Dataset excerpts
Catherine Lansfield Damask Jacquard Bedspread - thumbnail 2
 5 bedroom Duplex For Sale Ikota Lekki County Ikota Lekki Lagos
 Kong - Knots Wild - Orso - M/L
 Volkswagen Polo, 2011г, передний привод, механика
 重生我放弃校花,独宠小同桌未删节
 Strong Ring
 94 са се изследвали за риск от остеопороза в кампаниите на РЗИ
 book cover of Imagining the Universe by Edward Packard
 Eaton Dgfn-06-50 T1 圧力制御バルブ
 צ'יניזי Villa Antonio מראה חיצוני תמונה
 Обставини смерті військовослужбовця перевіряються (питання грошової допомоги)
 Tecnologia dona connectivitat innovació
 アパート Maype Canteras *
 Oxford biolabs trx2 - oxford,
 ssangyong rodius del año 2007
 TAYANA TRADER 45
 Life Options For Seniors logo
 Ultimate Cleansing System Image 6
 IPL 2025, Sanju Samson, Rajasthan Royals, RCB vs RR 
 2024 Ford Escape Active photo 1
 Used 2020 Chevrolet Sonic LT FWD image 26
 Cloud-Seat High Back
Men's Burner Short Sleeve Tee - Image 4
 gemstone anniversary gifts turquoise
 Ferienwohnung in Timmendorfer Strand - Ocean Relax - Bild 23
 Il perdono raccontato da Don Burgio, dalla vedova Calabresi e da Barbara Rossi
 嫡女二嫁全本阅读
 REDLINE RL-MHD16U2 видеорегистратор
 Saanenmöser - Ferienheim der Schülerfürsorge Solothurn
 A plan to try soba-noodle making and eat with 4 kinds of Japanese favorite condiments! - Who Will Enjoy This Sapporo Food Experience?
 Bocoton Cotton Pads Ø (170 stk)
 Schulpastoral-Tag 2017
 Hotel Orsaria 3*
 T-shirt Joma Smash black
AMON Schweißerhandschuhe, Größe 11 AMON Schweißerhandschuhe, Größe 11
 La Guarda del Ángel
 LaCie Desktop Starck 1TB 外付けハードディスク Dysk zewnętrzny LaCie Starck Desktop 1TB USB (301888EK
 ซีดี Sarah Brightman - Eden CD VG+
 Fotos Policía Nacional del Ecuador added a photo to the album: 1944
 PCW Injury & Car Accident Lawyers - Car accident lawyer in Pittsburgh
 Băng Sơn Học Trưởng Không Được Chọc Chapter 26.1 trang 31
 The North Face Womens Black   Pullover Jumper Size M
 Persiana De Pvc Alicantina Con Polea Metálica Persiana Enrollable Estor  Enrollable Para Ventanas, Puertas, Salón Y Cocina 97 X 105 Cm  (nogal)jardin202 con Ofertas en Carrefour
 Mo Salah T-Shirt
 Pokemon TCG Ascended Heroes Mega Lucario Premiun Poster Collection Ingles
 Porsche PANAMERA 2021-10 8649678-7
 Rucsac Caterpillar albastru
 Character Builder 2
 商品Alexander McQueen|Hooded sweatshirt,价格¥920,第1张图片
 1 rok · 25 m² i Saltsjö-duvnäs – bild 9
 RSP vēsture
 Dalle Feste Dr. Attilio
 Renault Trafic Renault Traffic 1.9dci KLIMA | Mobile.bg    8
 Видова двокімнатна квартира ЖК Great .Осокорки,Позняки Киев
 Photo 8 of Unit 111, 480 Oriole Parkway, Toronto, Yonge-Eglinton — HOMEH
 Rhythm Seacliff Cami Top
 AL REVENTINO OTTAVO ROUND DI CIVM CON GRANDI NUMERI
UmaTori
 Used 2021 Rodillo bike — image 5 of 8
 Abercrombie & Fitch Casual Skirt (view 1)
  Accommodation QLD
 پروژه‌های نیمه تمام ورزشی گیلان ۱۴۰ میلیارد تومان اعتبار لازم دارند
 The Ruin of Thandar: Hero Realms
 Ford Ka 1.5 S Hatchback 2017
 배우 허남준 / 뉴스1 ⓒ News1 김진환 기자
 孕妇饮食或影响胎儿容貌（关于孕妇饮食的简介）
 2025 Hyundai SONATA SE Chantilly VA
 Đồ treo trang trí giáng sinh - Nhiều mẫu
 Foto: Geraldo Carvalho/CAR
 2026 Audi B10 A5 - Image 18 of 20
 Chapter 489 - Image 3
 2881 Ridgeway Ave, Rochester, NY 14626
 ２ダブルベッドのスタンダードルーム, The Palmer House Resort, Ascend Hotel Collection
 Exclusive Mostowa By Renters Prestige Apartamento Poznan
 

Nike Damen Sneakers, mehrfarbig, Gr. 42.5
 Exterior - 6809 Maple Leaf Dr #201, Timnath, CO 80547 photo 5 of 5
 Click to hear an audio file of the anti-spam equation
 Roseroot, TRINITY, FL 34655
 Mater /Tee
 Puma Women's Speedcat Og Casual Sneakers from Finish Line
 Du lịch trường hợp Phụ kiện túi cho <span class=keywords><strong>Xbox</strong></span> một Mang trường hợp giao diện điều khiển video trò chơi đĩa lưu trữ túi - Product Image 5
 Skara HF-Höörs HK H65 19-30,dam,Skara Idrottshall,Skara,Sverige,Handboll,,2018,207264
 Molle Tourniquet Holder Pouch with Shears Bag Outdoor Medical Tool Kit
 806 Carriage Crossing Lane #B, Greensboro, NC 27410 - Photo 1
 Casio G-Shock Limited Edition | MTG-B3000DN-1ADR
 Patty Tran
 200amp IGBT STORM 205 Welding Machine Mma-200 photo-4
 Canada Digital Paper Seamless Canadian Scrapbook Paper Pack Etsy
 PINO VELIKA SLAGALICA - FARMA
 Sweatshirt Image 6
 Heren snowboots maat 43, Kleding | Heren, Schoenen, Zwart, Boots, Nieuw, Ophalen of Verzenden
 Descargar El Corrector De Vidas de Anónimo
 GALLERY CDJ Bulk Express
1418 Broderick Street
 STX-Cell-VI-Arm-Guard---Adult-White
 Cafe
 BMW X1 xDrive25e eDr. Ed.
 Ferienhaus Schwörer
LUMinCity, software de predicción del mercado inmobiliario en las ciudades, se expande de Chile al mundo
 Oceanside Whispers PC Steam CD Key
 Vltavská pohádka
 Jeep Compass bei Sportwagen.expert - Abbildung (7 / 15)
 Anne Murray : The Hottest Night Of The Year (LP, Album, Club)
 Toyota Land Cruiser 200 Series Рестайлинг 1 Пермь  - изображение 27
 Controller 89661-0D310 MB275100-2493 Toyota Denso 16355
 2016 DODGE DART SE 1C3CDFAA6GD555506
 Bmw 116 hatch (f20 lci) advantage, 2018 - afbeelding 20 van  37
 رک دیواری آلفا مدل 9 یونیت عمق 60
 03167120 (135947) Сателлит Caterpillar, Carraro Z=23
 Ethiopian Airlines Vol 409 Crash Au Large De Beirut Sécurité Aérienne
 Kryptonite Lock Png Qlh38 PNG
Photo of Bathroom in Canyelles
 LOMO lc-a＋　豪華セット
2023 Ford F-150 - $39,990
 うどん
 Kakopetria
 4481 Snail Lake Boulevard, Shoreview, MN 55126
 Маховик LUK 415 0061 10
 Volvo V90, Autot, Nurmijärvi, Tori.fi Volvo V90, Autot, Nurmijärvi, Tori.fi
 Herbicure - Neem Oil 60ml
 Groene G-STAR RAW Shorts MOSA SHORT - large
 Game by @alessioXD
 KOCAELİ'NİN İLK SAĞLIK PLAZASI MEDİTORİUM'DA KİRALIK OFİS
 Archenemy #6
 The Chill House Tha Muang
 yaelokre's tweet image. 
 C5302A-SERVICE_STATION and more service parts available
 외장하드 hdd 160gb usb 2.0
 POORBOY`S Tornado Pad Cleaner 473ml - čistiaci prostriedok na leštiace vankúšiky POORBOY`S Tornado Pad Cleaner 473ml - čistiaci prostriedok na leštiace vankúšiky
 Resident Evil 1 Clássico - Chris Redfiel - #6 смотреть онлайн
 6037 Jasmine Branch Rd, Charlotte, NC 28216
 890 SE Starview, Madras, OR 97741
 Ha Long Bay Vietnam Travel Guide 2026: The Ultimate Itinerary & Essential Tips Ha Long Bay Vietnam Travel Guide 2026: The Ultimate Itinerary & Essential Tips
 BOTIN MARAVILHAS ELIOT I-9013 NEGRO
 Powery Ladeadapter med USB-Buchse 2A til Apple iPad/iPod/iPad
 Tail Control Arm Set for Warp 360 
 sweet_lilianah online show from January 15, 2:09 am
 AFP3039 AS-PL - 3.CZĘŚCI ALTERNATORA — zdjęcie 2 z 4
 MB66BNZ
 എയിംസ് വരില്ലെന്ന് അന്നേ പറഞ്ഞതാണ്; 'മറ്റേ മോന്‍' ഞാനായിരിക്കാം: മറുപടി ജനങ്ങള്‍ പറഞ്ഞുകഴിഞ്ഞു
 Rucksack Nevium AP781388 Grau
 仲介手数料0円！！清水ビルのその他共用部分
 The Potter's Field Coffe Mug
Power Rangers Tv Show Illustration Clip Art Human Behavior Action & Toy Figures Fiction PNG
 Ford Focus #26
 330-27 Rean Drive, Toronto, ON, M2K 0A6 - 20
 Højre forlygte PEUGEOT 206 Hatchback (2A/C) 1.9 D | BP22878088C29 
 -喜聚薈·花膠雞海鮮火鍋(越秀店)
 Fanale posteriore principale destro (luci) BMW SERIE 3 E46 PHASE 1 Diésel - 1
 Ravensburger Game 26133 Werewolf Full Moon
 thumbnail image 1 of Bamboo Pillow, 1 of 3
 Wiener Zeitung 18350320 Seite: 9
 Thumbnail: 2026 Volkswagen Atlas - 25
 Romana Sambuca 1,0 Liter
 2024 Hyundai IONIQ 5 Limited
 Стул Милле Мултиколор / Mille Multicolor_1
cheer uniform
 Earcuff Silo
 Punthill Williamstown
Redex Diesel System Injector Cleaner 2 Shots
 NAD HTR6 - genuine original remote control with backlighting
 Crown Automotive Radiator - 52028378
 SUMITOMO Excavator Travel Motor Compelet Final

§ WHAT YOU ARE ASKED TO DO: Your answer must consist solely of the lines above between the line holding "Bocoton Cotton Pads Ø (170 stk)" and the line holding "Băng Sơn Học", inclusive, copied exactly.

§ SOLUTION BELOW:
 Bocoton Cotton Pads Ø (170 stk)
 Schulpastoral-Tag 2017
 Hotel Orsaria 3*
 T-shirt Joma Smash black
AMON Schweißerhandschuhe, Größe 11 AMON Schweißerhandschuhe, Größe 11
 La Guarda del Ángel
 LaCie Desktop Starck 1TB 外付けハードディスク Dysk zewnętrzny LaCie Starck Desktop 1TB USB (301888EK
 ซีดี Sarah Brightman - Eden CD VG+
 Fotos Policía Nacional del Ecuador added a photo to the album: 1944
 PCW Injury & Car Accident Lawyers - Car accident lawyer in Pittsburgh
 Băng Sơn Học Trưởng Không Được Chọc Chapter 26.1 trang 31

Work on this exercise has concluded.